Paramotors and gyrocopters are commercially available, relatively inexpensive and require minimal infrastructure to operate. Their low speed and small radar signatures make them harder to detect than conventional military aircraft, while their flight profiles allow operators to deliver munitions or conduct surveillance at low altitude over populated areas. In Myanmar's fragmented battlefield, that combination increases the risk of indiscriminate and targeted attacks on towns, markets and encampments where civilians shelter.

Humanitarian consequences are immediate. Communities already displaced by years of fighting face renewed insecurity from sudden, hard-to-predict aerial strikes. Relief organizations struggle to map safe corridors when aircraft can arrive with little warning, and cross-border flows of refugees may rise as villagers seek refuge from aerial harassment. The psychological impact of seeing small aircraft overhead is profound in areas where civilians have few protective options against any air attack.

From an international law perspective, deploying ultralight aircraft against civilian populations raises clear concerns. The basic principles of international humanitarian law - distinction, proportionality and precaution - require parties to a conflict to avoid attacks that are likely to cause civilian harm. When aerial systems are used in ways that cannot reliably discriminate between combatants and civilians, those actions risk constituting unlawful attacks, and could be subject to investigation for war crimes or crimes against humanity if intent or pattern meets legal thresholds. Documentation of strikes, weapon effects and command responsibility will be crucial for any future accountability efforts.

The turning to commercial platforms also underscores a broader trend: the militarization of widely available technologies. Dual-use goods, porous supply chains and weak export controls enable actors in internal conflicts to repurpose civilian equipment. That reality complicates traditional arms control mechanisms and demands new forms of monitoring and interdiction that are attuned to low-cost aviation and hobbyist markets.

Regionally, the tactic strains relations with neighboring states that face spillover risks from aerial incidents and refugee flows. ASEAN and littoral countries have limited tools to police the airspace of a sovereign neighbor, and their diplomatic options are constrained by both political sensitivities and competing strategic interests. For the wider international community, the use of ultralights highlights gaps in enforcement: sanctions and embargoes focused on heavy weapons do not easily capture small, commercially traded aircraft and parts.

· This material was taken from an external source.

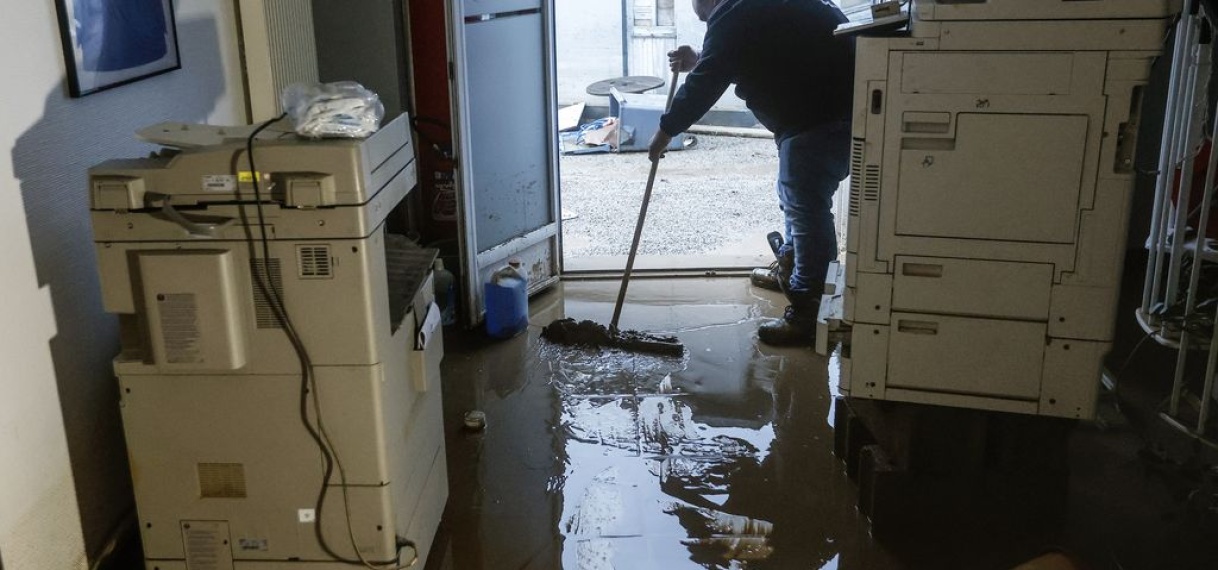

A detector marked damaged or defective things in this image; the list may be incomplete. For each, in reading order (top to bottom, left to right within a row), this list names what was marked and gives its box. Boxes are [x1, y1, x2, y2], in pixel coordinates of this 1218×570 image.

damaged flooring [422, 274, 1216, 564]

Responding will require a mix of humanitarian, legal and diplomatic measures. Humanitarian agencies need enhanced early-warning systems and community-level protection strategies that account for the speed and stealth of ultralight strikes. Legal actors must prioritize documentation and chain-of-command evidence. Diplomatically, states can pursue targeted export controls, interdiction of specific supply lines and coordinated pressure through multilateral forums to limit access to dual-use aviation components.

As Myanmar’s civil war grinds on, the adaptation of low-cost aviation for offensive purposes underscores how innovation in conflict can outpace regulatory frameworks, with civilians bearing the heaviest burden. International actors face the urgent task of closing those regulatory gaps while supporting communities caught under a widening and increasingly unpredictable sky.